We use Pytorch Big Graph (PTBG) to embed our semantic graph. This is a distributed knowledge graph embedding tool, meaning that it uses multiple machines, and takes node / edge type into account when embedding. PTBG is a complex tool that requires a number of preprocessing steps to use.

PTBG Process Outline

  1. Create a single directory that contains all semantic graph edges.

    • This is produced by running agatha.construct.

    • Edges are stored as small key-value json files.

    • The directory may contain a large number of files.

  2. Convert graph to PTBG input format.

    • PTBG requires that we index and partition all nodes and edges.
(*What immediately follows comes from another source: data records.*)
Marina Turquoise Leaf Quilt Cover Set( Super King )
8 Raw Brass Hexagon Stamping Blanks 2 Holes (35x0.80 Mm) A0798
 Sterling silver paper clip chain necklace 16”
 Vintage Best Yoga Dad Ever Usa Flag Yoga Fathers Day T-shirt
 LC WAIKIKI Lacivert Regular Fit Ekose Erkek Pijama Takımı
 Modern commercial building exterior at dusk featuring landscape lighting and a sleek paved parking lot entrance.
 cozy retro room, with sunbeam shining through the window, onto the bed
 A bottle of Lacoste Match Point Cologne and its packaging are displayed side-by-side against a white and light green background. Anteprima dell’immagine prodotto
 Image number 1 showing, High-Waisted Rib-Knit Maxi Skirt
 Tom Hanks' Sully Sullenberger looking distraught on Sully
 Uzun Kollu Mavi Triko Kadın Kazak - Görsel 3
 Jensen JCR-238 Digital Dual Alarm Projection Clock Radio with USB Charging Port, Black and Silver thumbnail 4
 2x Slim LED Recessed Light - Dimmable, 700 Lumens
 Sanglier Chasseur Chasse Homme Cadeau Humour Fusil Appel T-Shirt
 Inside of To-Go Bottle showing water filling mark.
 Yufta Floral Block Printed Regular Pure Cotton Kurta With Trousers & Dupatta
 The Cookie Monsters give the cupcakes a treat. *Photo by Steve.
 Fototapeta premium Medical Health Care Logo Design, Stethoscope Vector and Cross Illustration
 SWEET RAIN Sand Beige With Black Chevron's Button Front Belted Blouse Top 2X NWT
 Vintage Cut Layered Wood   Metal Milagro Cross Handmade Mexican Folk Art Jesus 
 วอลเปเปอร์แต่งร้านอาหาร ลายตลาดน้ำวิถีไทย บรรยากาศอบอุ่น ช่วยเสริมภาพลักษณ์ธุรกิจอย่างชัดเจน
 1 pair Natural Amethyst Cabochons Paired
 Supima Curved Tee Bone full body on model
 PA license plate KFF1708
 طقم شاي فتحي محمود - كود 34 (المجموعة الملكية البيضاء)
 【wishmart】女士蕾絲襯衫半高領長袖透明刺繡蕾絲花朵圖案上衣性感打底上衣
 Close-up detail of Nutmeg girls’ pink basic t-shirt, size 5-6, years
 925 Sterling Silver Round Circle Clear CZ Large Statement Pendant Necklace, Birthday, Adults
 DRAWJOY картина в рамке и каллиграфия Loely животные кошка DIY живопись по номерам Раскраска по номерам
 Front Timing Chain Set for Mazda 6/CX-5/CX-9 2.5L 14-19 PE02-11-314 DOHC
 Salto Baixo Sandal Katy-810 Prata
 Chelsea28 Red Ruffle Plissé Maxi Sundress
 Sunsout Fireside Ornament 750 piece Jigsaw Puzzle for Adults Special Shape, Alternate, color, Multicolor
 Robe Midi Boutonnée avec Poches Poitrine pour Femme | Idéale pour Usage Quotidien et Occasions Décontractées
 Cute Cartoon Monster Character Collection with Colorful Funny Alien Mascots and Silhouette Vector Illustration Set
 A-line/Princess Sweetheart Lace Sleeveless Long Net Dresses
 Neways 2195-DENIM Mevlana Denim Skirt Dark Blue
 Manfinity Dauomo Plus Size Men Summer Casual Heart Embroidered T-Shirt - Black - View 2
    • Look into tools/convert_graph_for_pytorch_biggraph for how to do this.

  3. Create a PTBG config.

    • Specify all node / edge types.

    • Specify location of all input files.

    • The parameters of this config must match the options used in the conversion.

  4. Launch the PTBG training cluster.

    • Use 10-20 machines, too many will slow this process.

    • Wait at least 5 epochs, will take days.

  5. Index the resulting embeddings for use in Agatha.

    • Agatha needs to know where to find each embedding, given the node name.

    • Use tools/py_scripts/ptbg_index_embeddings.py to create a lookup table that maps each node name to its embedding metadata.

Convert Edges to PTBG format

The PTBG conversion tool is a multi-threaded single-machine program that indexes every node and edge of the input graph for PTBG distributed training. The settings used to run this tool will determine qualities of the resulting PTBG config, so you will want to save the exact command you run for later steps.

Warning: This program is extremely memory intensive. If you’re running on plametto, make sure to grab the 1.5 or 2 TB node.

To begin, build the convert_graph_for_pytorch_biggraph tool.

cd /path/to/agatha/tools/convert_graph_for_pytorch_biggraph
make

This will produce graph_to_ptbg. You can take a look at how this tool works with the ./graph_to_ptbg --help command.

If you want to embed the entire graph, you can run this conversion with:

./graph_to_ptbg -i <json_edge_dir> -o <ptbg_data_dir>

By default, this will include all expected node and relationship types, as described in the Agatha paper.

If you only want to embed part of the graph, you can select the specific node and relation types to include. Note that excluded types will be ignored.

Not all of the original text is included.